Une nouvelle aide pour le foncier en Guyane. Dimanche 23 janvier 2022, à 9h00, près de 70 personnes se sont réunies dans une maison de Nancibo. Tous exploitants agricoles de ce secteur, ils sont venus à la rencontre de Christian Epailly, président de la société d’aménagement foncier et d’établissement rural de Guyane. Depuis la création de la structure, en mai 2021, c’est la première fois qu’une réunion est organisée entre eux et le président.

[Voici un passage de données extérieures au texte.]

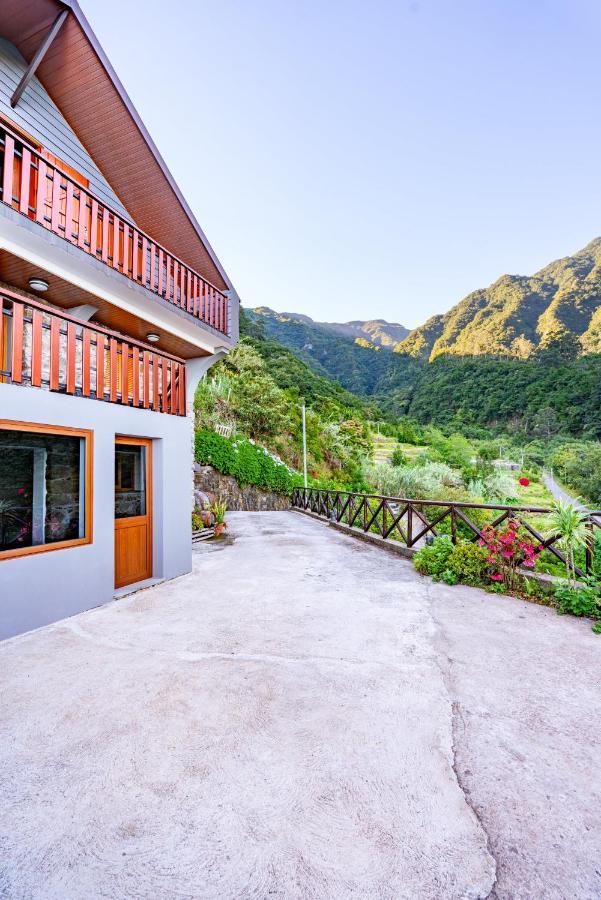 Fontes 7 * Ponta Delgada (Madeira)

Régularisation, aménagement et insécurité à l’ordre du jour
L’idée vient de Karen HO-TIN-NOE, présidente de l’association des repreneurs du plateau de Nancibo. Elle cultive des agrumes sur un terrain de cette zone depuis 2018. En quatre années, elle a pu constater les nombreuses difficultés traversées par les centaines d’habitants de Nancibo (exploitants ou non). "On a un gros problème de foncier sur Nancibo, nous vivons ici mais nous n’avons pas de titre (de propriété, NDLR)", explique-t-elle. Et de poursuivre : "Il y a des personnes qui sont là depuis plus de 30 ans et qui ne sont pas propriétaires, donc on voudrait que ce soit régularisé."
On attend que la Safer nous aide à aménager cette vaste zone agricole, puisqu’il y a 19 km de long utilisés sur la piste. On a des personnes qui habitent Nancibo, qui ont besoin de soins, mais qui sont au fond et ne peuvent pas se déplacer. S’il y a un risque, l’ambulance aura des difficultés à le rejoindre. On voudrait également un accès à l’électricité et à l’eau.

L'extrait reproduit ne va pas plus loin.